# What is being asked
Pictures in the listing below are skipped, while the lines from the "Banner Toontrack - 40%" line through the "STD Masturbator Electric" line are returned word for word.

# Listed entries
Start of Block

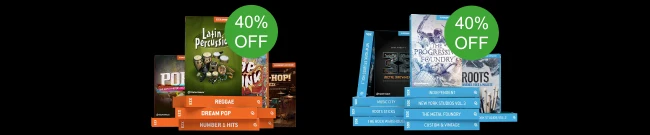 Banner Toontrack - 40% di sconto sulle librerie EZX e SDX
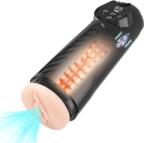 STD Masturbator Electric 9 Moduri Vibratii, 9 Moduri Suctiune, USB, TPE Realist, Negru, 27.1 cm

End of Block
Start of Block

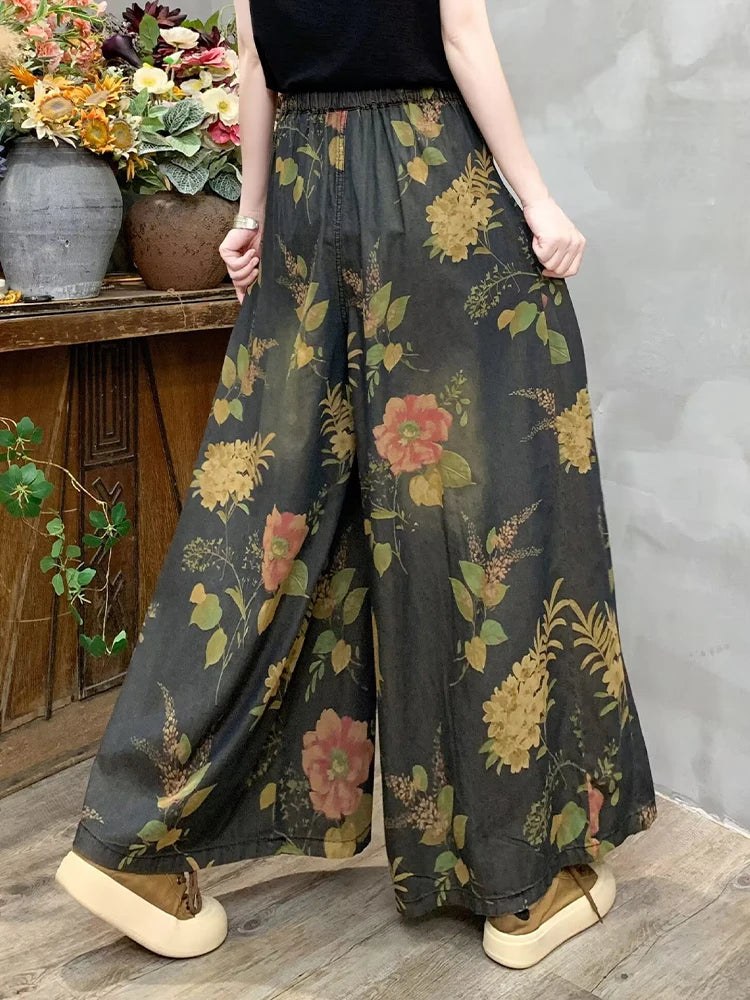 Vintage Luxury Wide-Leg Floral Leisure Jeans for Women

End of Block

# Task answer
 Banner Toontrack - 40% di sconto sulle librerie EZX e SDX
 STD Masturbator Electric 9 Moduri Vibratii, 9 Moduri Suctiune, USB, TPE Realist, Negru, 27.1 cm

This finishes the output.